__Try it__: Go to the line containing "Silber Anhänger 835" in the records below and print it and every following line exactly, on through the line containing "Obraz premium Vibrant", then stop.

__Input data__:
________________________________________
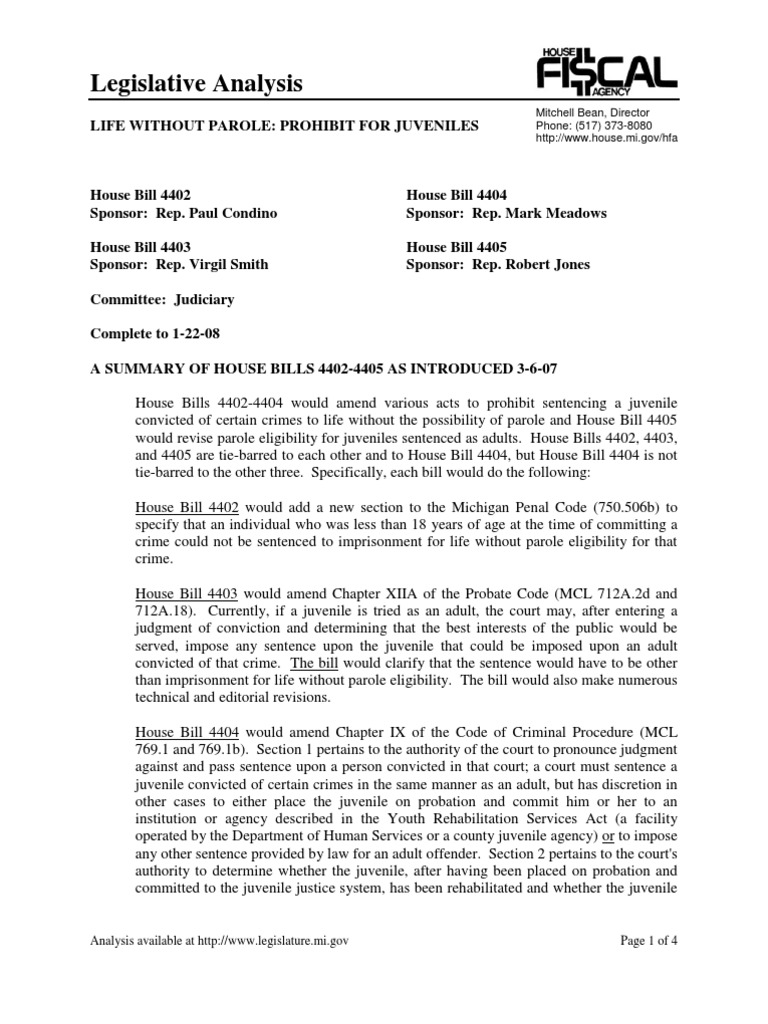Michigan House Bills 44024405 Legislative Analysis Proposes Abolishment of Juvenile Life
________________________________________
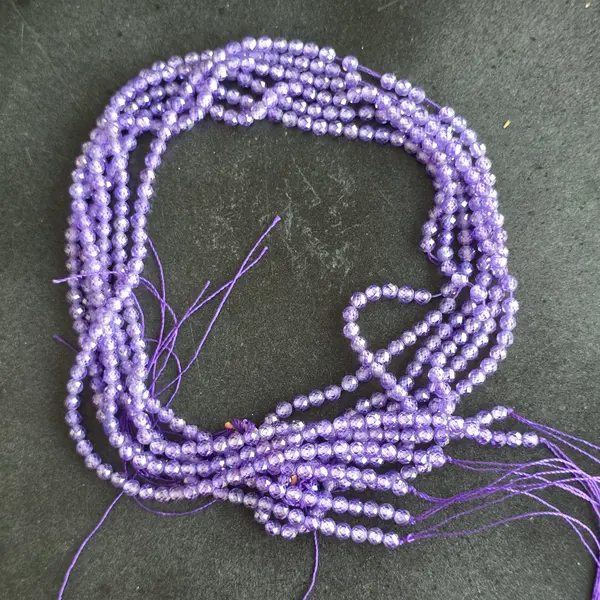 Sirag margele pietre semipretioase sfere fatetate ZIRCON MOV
________________________________________
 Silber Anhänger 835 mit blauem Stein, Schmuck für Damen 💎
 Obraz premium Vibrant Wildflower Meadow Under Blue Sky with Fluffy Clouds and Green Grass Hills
________________________________________
__Exercise solution__:
 Silber Anhänger 835 mit blauem Stein, Schmuck für Damen 💎
 Obraz premium Vibrant Wildflower Meadow Under Blue Sky with Fluffy Clouds and Green Grass Hills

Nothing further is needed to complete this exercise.